**RECORDS PROVIDED**.
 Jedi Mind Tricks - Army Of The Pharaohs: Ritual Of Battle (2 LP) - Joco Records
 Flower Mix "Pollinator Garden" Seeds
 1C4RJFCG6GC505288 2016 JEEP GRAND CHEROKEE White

--

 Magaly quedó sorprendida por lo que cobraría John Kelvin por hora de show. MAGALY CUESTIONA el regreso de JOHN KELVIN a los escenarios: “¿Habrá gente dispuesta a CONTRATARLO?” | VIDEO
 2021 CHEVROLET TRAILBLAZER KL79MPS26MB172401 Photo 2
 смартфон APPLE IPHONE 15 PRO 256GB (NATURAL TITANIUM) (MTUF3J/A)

...

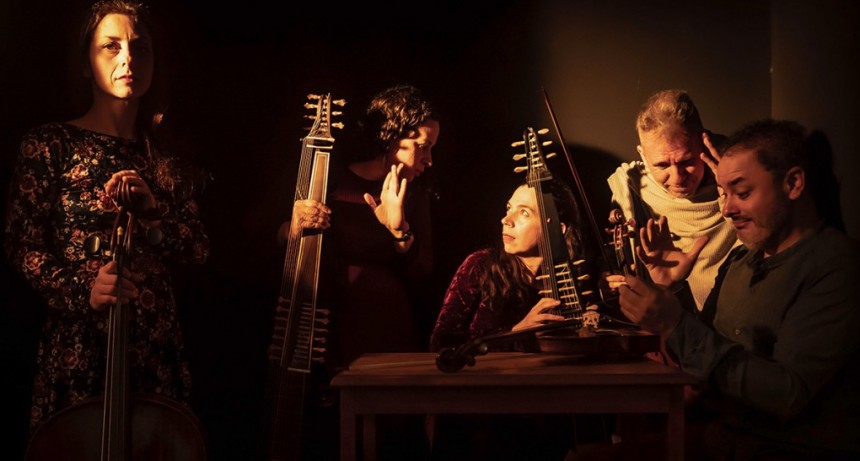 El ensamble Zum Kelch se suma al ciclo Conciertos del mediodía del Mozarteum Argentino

**YOUR ASSIGNMENT**. All that should be written out is the stretch of lines above between the one holding "Jedi Mind Tricks" and the one holding "1C4RJFCG6GC505288 2016 JEEP", inclusive, exactly as given.

**RESPONSE**.
 Jedi Mind Tricks - Army Of The Pharaohs: Ritual Of Battle (2 LP) - Joco Records
 Flower Mix "Pollinator Garden" Seeds
 1C4RJFCG6GC505288 2016 JEEP GRAND CHEROKEE White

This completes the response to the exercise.